# lice?



## BabbaYagga (Jun 24, 2005)

hi everyone,
my pigeons seem to have lice.  They are swarming with the little bugs all over and they have holes in their feathers.  I have never had this problem before, so how do I get rid of the parasites? Also, I have chickens in an adjacent coop to my pigeons. Will the lice spread from the pigeons to the chickens? 
advice would be appreciated. thanks,
mary.


----------



## Pigeonpal2002 (Jul 27, 2002)

Hi Mary, 

You will need to treat all of your chickens and pigeons with some kind of spray or dust. There are all kinds of anti parasitic products on the market, some of them can even be added to the bath water. Check out the "Pigeon Supply Stores" in the resource section of the forum. Or, you could use sevin dust that is available at most garden centers. If you spray or dust your birds though, be very careful to avoid the eyes, and mouth areas.

Your pigeons might have got the lice from your chickens but I would think that it could have gone either way.


----------



## feralpigeon (Feb 14, 2005)

Hey Babba Yagga,

You'll also want to 'treat' the living areas in addition to the birds themselves or
the cycle will never be broken. A product like Scalex would work for the feathers and living area or something like Ivomec Sheep Drench can be used in the bath water or made up as a spray and sprayed directly on them. Jedd's has a pretty good line of products, although you can find Scalex or similar Pyrethin
based products locally at most pet stores in the bird section.
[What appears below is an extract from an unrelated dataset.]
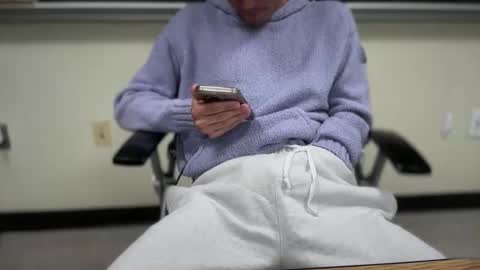 jaxsongray77 online show from April 28, 2:17 am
Just make sure not to spray around the eyes and beak/nares. You can fashion a hood out of a sock cut in half for protection. Also, the spray can be placed on the top of the head area by spraying onto the finger and applying this way. 

fp


----------



## Feather (Dec 8, 2005)

I'm glad that this subject came up, because I have intended to ask this question for a long time. Another customer at the feed store where I buy my feed told me that you can put the product that I buy for lice in the bath water for my pigeons. I have been mixing the product that I buy (Insectrin X concentrate with water and dipping my pigeons one by one. I have always been very careful not to get their beaks or eyes wet. When my birds take a bath, there version of sticking in a toe is to dunck their lil faces in the water.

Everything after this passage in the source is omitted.